Researchers who rely on statistical data to draw connections, challenge assumptions and discover unexpected social links in the lives of Canadians have a new tool. The Quebec Inter-university Centre for Social Statistics (QICSS) Laboratory is an authorized repository for the reams of information gathered by major Statistics Canada surveys to help governments understand the changing nature of Canadian society and shape social policy. QICSS is funded by the Fonds québécois pour la recherche sur la société et la culture.
Sociologist Céline Le Bourdais, the Canada Research Chair in Social Statistics and Family Change, is the academic director of the lab. She says that previously, when people wanted to research the carefully guarded data gathered by Statistics Canada, they had to travel to Ottawa.

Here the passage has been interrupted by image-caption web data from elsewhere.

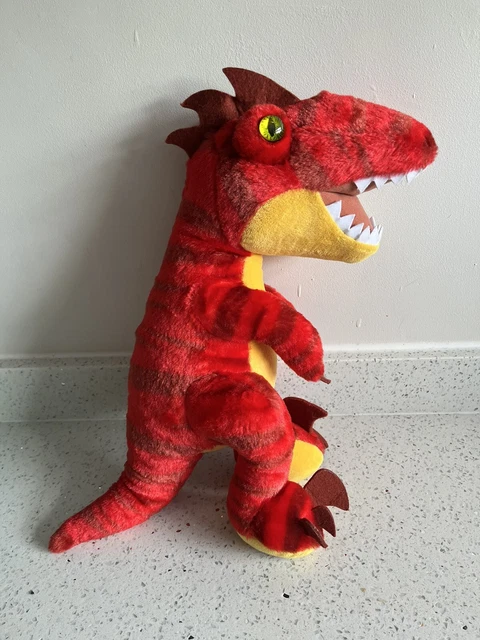 BUILD A BEAR Red T-Rex Dinosaur Soft Toy Plush Velociraptor Raptor £4. ...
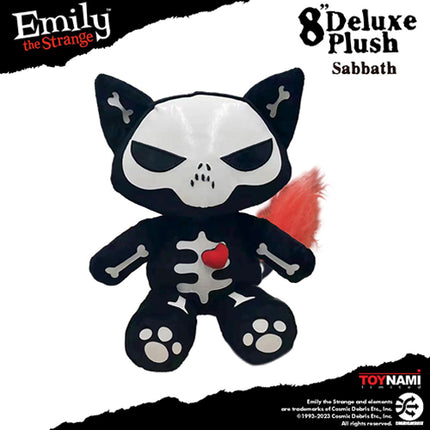 TOYNAMI Emily the Strange - Sabbath Deluxe Skele Plush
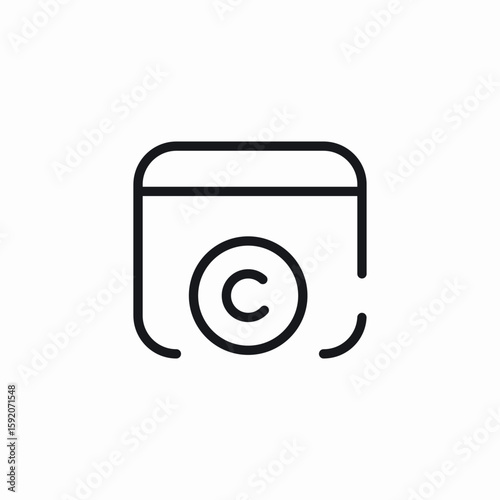 copyright website icon sign vector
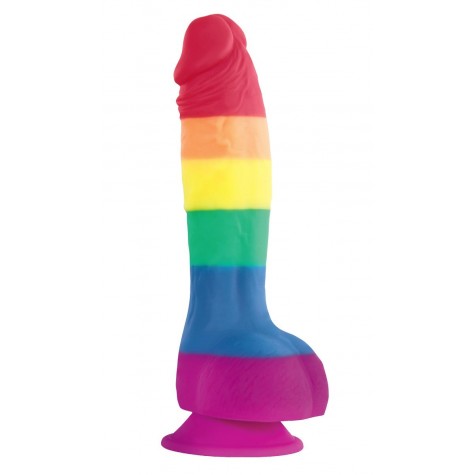 Радужный фаллоимитатор Pride Edition 6 Dildo - 21 см.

This was so inconvenient that few people were using the rich information gathered in these expensive—and expansive—surveys on health, labour and families.
To protect the privacy of the thousands of individuals profiled in the surveys, the QICSS Laboratory is one of the most secure spaces on McGill’s campus, with a system of swipe cards and deadbolts to ensure that information doesn’t fall into the wrong hands. McGill’s data lab belongs to the Quebec Research Data Centre, which is jointly funded by Statistics Canada, the Social Sciences and Humanities Research Council, and the CIHR. The lab also received funding from the CFI.